## Task to carry out
Repeat the listing that follows exactly. Pictures are not part of the copy.

## Data excerpt
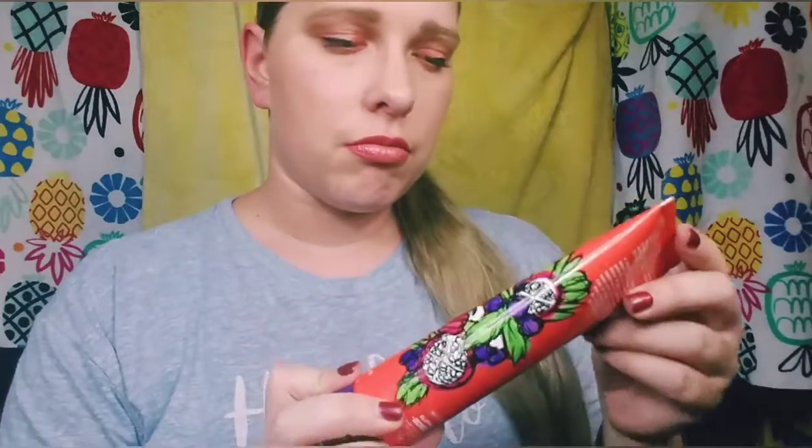The GlamGlow Exfoliating Cleanser retails for $34, which really isn't bad for a GlamGlow product. But would I run out and buy it when I run out? Probably not, because I'll have plenty of other cleansers. It does smell nice, even though I generally don't prefer fragrances in my skincare, so this will probably be something I use if I'm running low on other things. It did get my face clean like a cleanser is supposed to, so all in all it was a good month.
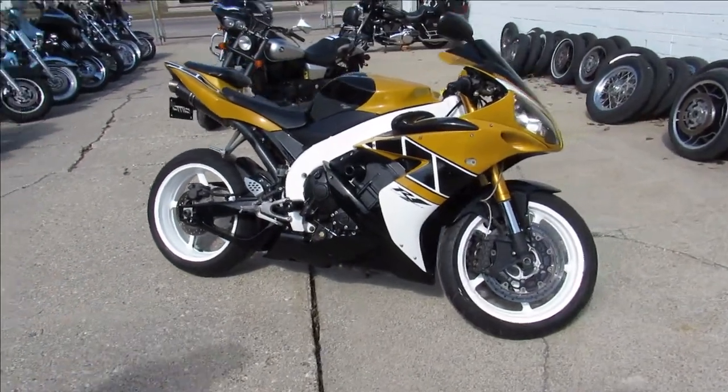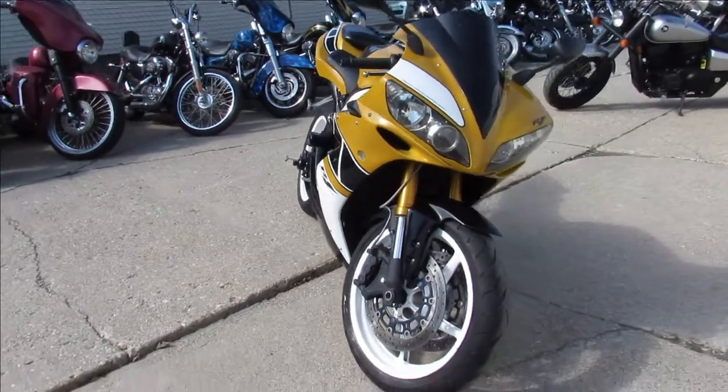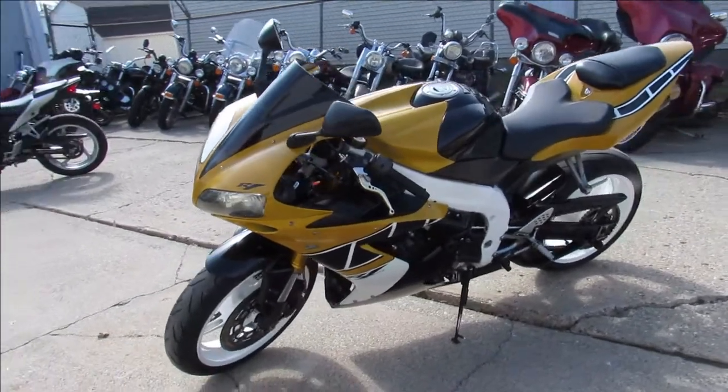Hey guys, ApprovalPowerSports.com here doing some videos on some bikes that just came off the truck. Give us a call — they're moving fast guys. We got Harleys, we got Yamahas, Hondas, anything you're looking for, trikes — give us a call.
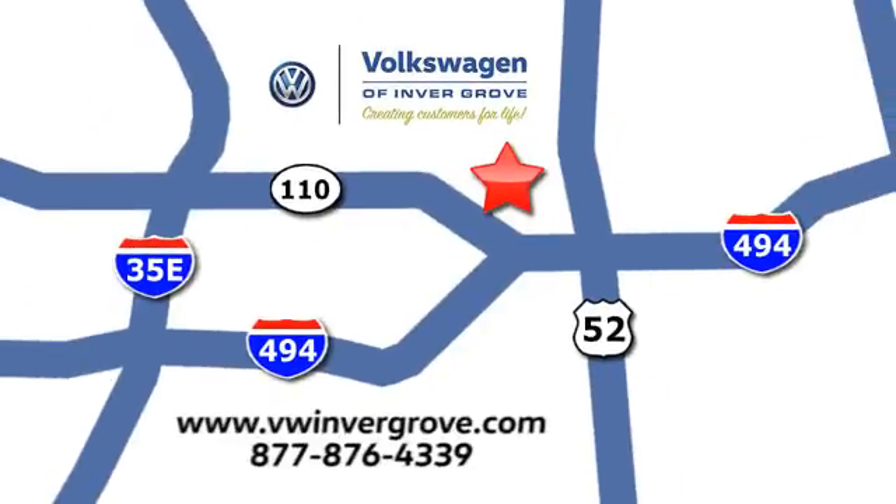We are conveniently located at 1325 50th Street East in Inver Grove Heights, Minnesota, near Highway 494 and Roberts Street, across from Best Buy.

## Response area
The GlamGlow Exfoliating Cleanser retails for $34, which really isn't bad for a GlamGlow product. But would I run out and buy it when I run out? Probably not, because I'll have plenty of other cleansers. It does smell nice, even though I generally don't prefer fragrances in my skincare, so this will probably be something I use if I'm running low on other things. It did get my face clean like a cleanser is supposed to, so all in all it was a good month.
Hey guys, ApprovalPowerSports.com here doing some videos on some bikes that just came off the truck. Give us a call — they're moving fast guys. We got Harleys, we got Yamahas, Hondas, anything you're looking for, trikes — give us a call.
We are conveniently located at 1325 50th Street East in Inver Grove Heights, Minnesota, near Highway 494 and Roberts Street, across from Best Buy.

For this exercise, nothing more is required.